══ Dataset extract
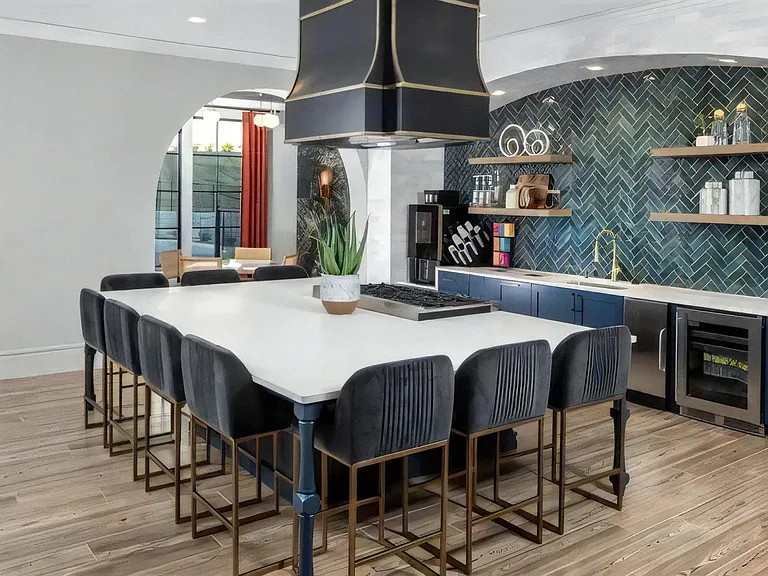 Modern Clubroom with Full Entertainment Kitchen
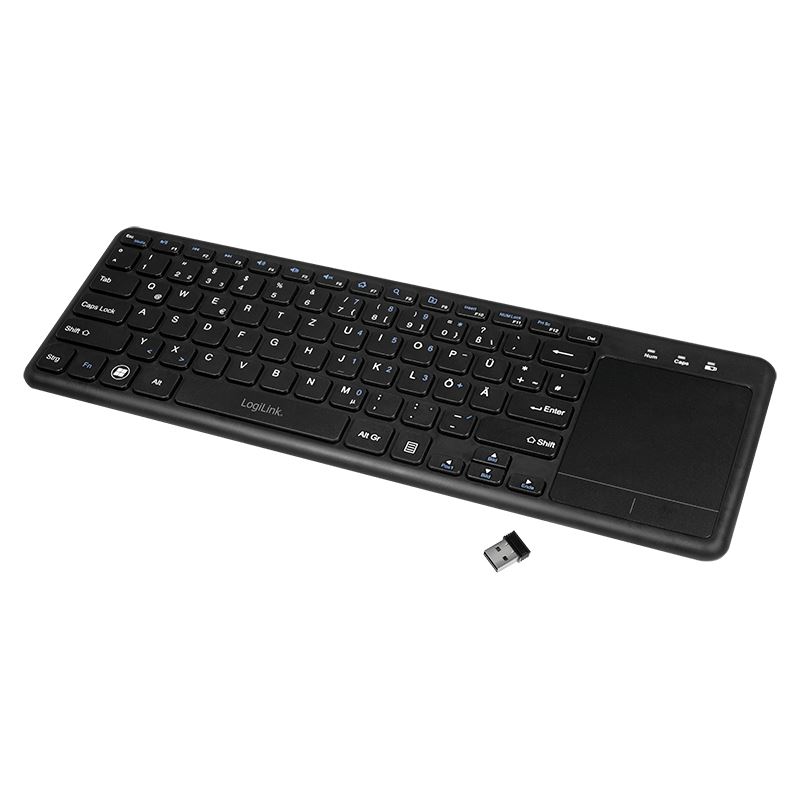 LogiLink ID0188 USB Deutsch schwarz (kabellos)
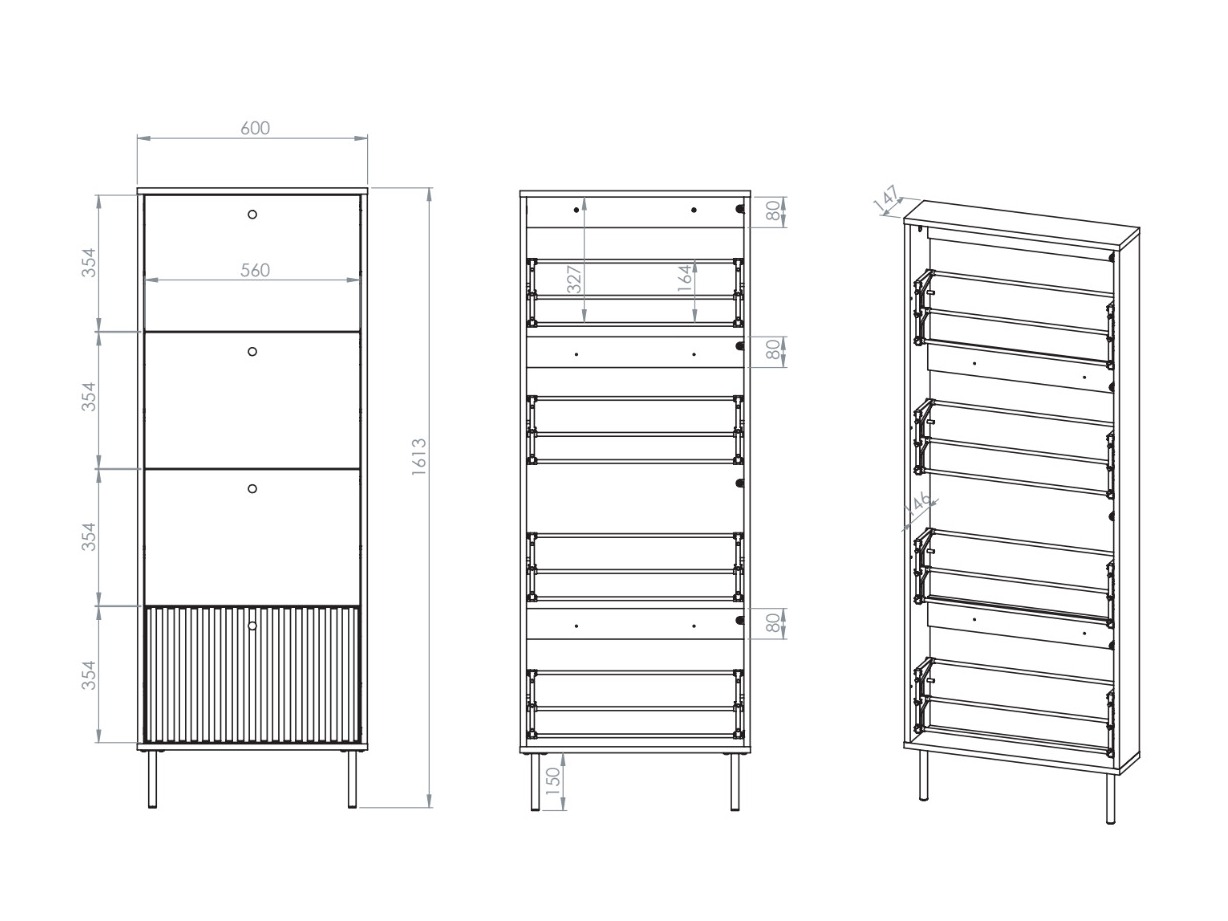 Schuhschrank Marmeli 130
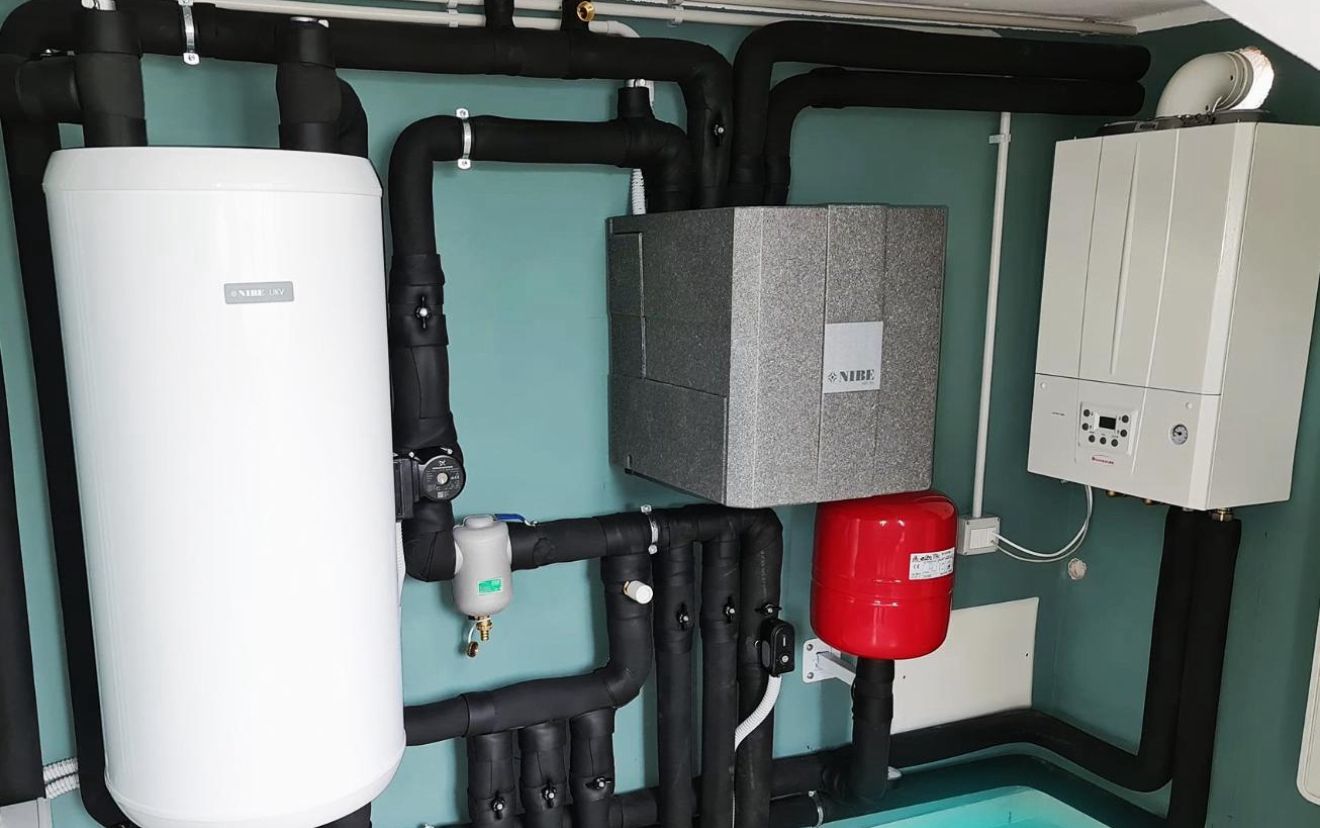 Sistem HVAC modern instalat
════
• **What the exercise asks**:
Where the line containing "Schuhschrank Marmeli 130" appears, begin writing out the lines exactly, and continue through the end of the material above, omitting pictures.

• **Answer area**:
 Schuhschrank Marmeli 130
 Sistem HVAC modern instalat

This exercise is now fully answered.